* **Problem statement**: Entries follow. Give back exactly the lines starting at the one containing "Giustizia per omocidio Longo" and ending at the one containing "DV8 Offroad Xtract", and no other lines.

(Records excerpted from a collection)
====

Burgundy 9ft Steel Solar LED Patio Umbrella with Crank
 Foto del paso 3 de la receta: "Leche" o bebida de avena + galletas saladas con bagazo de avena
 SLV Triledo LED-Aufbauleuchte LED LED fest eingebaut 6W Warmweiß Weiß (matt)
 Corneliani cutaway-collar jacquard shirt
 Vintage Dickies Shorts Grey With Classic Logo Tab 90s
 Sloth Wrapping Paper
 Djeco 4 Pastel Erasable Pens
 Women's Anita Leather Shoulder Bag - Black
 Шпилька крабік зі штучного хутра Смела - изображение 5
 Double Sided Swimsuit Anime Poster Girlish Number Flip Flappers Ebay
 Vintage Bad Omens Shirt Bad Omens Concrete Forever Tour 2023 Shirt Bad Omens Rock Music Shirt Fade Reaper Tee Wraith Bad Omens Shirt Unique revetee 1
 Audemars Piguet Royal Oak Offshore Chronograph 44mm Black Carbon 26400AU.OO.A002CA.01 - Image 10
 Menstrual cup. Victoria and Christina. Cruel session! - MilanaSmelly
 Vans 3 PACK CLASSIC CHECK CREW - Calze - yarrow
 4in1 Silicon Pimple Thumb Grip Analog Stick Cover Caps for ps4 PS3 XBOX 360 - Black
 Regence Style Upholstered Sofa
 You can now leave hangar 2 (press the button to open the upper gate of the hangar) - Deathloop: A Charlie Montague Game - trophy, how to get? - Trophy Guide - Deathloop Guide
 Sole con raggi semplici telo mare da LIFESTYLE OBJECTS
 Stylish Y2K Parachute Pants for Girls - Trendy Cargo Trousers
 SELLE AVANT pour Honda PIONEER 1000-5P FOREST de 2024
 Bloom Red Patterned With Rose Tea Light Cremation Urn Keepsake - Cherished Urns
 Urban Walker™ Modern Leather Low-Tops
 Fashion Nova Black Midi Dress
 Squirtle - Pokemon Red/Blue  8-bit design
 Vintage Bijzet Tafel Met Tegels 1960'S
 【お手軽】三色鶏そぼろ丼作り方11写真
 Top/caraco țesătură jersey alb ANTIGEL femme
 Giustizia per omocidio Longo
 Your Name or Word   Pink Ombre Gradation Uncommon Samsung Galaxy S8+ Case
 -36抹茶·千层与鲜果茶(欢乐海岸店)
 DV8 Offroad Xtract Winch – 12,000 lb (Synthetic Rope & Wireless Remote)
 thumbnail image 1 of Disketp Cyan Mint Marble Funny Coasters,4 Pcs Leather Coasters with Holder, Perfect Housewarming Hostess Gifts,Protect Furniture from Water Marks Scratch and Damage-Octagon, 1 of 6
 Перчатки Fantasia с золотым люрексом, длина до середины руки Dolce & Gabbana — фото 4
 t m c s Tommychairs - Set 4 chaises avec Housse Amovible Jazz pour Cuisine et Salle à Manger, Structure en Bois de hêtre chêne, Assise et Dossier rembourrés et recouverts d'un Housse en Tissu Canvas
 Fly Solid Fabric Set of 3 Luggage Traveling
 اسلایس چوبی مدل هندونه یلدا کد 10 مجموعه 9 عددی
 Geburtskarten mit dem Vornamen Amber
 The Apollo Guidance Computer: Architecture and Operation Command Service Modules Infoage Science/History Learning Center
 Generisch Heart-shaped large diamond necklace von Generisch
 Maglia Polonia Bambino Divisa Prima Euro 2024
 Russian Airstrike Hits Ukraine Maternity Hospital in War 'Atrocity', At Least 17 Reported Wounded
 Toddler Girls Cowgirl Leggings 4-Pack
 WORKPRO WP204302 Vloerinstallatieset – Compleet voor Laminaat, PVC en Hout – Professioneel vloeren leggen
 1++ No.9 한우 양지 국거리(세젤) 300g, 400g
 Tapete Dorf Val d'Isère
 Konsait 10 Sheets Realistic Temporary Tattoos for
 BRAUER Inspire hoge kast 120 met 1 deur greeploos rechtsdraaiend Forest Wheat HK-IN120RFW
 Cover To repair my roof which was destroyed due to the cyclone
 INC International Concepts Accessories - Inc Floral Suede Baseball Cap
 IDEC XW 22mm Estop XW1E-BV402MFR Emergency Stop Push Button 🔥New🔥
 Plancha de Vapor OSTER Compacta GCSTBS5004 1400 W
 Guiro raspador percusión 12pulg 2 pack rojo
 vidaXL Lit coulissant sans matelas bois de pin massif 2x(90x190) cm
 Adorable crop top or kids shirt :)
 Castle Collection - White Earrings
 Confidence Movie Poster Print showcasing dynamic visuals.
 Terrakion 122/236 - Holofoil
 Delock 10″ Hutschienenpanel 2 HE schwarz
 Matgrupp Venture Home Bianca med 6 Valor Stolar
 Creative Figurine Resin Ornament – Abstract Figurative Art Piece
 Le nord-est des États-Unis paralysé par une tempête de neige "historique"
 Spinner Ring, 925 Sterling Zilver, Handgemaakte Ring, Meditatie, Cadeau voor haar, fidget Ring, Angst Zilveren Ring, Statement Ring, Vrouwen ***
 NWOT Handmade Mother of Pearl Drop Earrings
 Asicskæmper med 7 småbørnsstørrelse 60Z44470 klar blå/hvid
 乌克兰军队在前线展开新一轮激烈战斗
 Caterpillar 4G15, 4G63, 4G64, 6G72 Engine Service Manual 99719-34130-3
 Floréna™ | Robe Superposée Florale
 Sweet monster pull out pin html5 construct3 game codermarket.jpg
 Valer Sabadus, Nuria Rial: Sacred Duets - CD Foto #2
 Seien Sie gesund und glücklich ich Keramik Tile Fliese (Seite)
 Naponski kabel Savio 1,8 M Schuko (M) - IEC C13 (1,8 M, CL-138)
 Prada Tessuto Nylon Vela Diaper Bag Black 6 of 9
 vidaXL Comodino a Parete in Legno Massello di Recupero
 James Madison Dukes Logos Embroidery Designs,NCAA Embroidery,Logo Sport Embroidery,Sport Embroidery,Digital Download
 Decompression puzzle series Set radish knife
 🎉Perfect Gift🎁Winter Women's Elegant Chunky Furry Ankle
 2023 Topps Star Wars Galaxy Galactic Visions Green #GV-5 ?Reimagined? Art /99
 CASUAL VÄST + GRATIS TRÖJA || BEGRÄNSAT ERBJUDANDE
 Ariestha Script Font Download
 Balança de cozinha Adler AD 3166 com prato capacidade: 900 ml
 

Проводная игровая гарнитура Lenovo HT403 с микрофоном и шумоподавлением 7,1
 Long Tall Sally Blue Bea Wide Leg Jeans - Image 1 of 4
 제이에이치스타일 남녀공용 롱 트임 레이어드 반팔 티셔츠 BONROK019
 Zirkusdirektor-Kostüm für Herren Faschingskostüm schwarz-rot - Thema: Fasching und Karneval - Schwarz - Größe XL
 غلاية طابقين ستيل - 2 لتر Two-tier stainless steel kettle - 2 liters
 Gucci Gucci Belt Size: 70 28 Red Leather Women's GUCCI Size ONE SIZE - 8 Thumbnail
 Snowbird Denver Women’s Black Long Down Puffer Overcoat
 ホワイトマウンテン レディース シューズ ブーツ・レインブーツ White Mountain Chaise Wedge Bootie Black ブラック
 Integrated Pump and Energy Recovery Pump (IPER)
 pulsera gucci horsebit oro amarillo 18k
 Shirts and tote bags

====

* **Output for this task**:
 Giustizia per omocidio Longo
 Your Name or Word   Pink Ombre Gradation Uncommon Samsung Galaxy S8+ Case
 -36抹茶·千层与鲜果茶(欢乐海岸店)
 DV8 Offroad Xtract Winch – 12,000 lb (Synthetic Rope & Wireless Remote)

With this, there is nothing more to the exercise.